TASK INPUT:

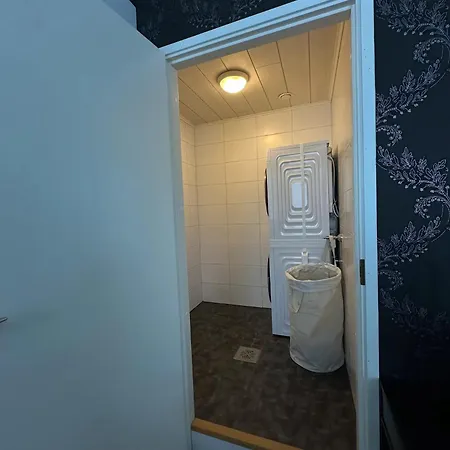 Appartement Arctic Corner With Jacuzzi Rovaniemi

--

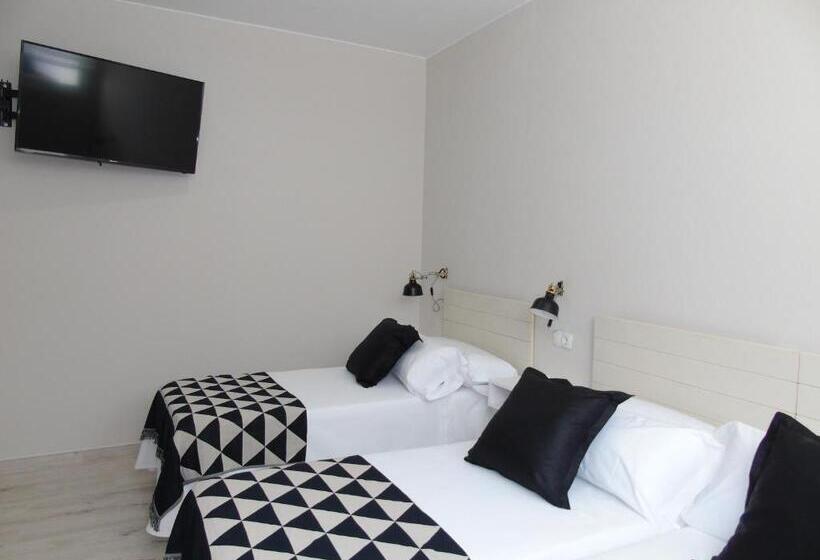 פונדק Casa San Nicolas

==

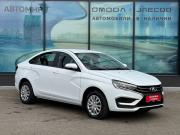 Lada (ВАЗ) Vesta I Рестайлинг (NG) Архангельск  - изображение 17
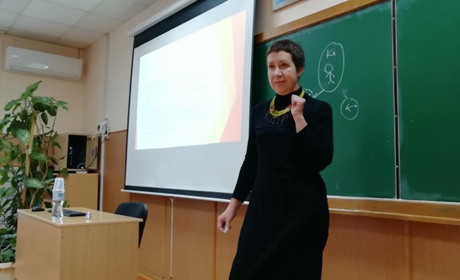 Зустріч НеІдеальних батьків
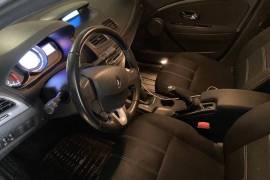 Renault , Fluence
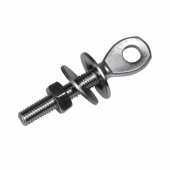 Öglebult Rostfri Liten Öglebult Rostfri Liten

TASK GOAL:
After locating "Зустріч НеІдеальних батьків" and "Öglebult Rostfri Liten Öglebult" in the records above, return exactly the line holding each one and every line between them; leave out the pictures.

RESPONSE TO THIS TASK:
 Зустріч НеІдеальних батьків
 Renault , Fluence
 Öglebult Rostfri Liten Öglebult Rostfri Liten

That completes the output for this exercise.